A graduate shakes hands with a robed woman on stage in front of an audience of graduates in blue cap and gown

Columbia Mailman Celebrates the Class of 2025

Speakers Urge Graduates to Meet Public Health Challenges with Courage and Community Engagement

The 168th Street Armory swelled with Columbia blue as graduates gathered with family, friends, faculty, and staff to mark their commencement. The May 20 Class Day ceremony celebrated more than 800 master’s and doctoral graduates in the Class of 2025 and affirmed their readiness to tackle complex health challenges and drive measurable progress in communities worldwide.

Two robed faculty members smile and clap

Vice Dean Michael Joseph and Kathleen Crowley, DrPH '13, MPH '91

In her Class Day address, Dean Linda P. Fried highlighted public health’s historic role in extending life expectancy while charging graduates to continue this legacy. “You are graduating in a time of tremendous and unprecedented challenges,” she said. “We know that you have the resilience, the dedication to learn and lead in challenging circumstances, and that you are needed like no other time in our collective memories.”

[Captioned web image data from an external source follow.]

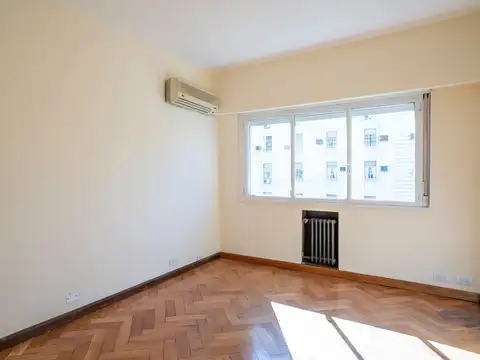 Pena 1100, Piso 4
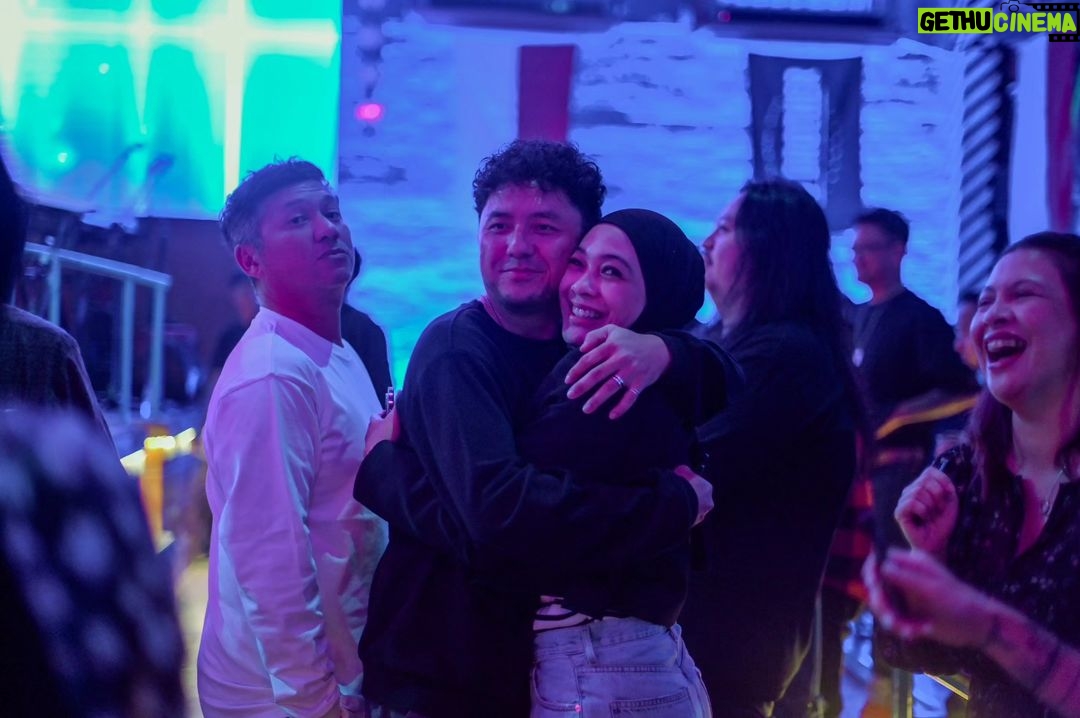 Dian Ayu Instagram - nuhunnn @suryainsomnia @tyararenata ❤️ kita semuaaa happy bangett Alhamdulillaah berkat kaliannn.. suasana berasa kembali 90an ajaa malam ituu 😅 berkah selalu yaaaa, selamat ulang tahun dan happy wedding anniversary sekali lagii untuk kalian 🫰 superrr bigg huuuggg 🤗 . makasihh foto kecenyaaa kakak @gradykayzel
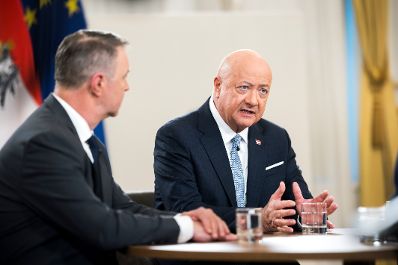 Am 2. M&auml;rz 2026 nahmen Bundeskanzler Christian Stocker (r.), Vizekanzler Andreas Babler (l.) und Au&szlig;enministerin Beate Meinl-Reisinger am Interview zum Thema &bdquo;Ein Jahr Regierung&ldquo; mit Susanne Schnabl und Klaus Webhofer im Bundeskanzleramt teil.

A women in academic robes speaks at a podium

Dean Linda P. Fried

Dean Fried placed collective problem-solving at the heart of future progress, urging public health practitioners to “connect across differences with aligned goals and shared stewardship.” With conviction, she told the graduating class they would “not back down from the problems that confront us,” and praised their readiness to “bring the knowledge our world needs”—translating insight into action to advance public health goals and secure a healthier future for all.

Former U.S. Surgeon General Vivek Murthy, who shepherded the nation through the height of the COVID-19 pandemic while expanding his office’s focus to include youth mental health and the loneliness epidemic, received the Dean’s Visionary Leadership Award. In his Class Day speech, Murthy addressed the systemic challenges facing public health professionals. Acknowledging the recent “seismic shift” in federal public health policy undermining critical services, he echoed Dean Fried’s message, assuring graduates, “You made the right choice, and your work matters more than ever.”

A man in academic robes speaks at a podium in front of a Columbia Mailman banner

Class Day Speaker Vivek Murthy

The former Surgeon General spoke to public health’s legacy of progress, often against strong headwinds, noting, “Millions of people today drink clean water, get life-saving vaccines, receive treatment for HIV, and understand the harms of tobacco because public health workers persevered in the days of extraordinary obstacles.” He stressed the importance of community support, saying, “In moments of hardship and despair, community is everything. It diminishes our pain and reminds us that we are not alone.”

Murthy—whose 2020 book Together explores the profound link between human connection and health—outlined the pillars of meaningful relationships: presence, honest communication, and mutual support. “Your ability to give and to receive love,” he told graduates, “is your greatest gift and your greatest power.”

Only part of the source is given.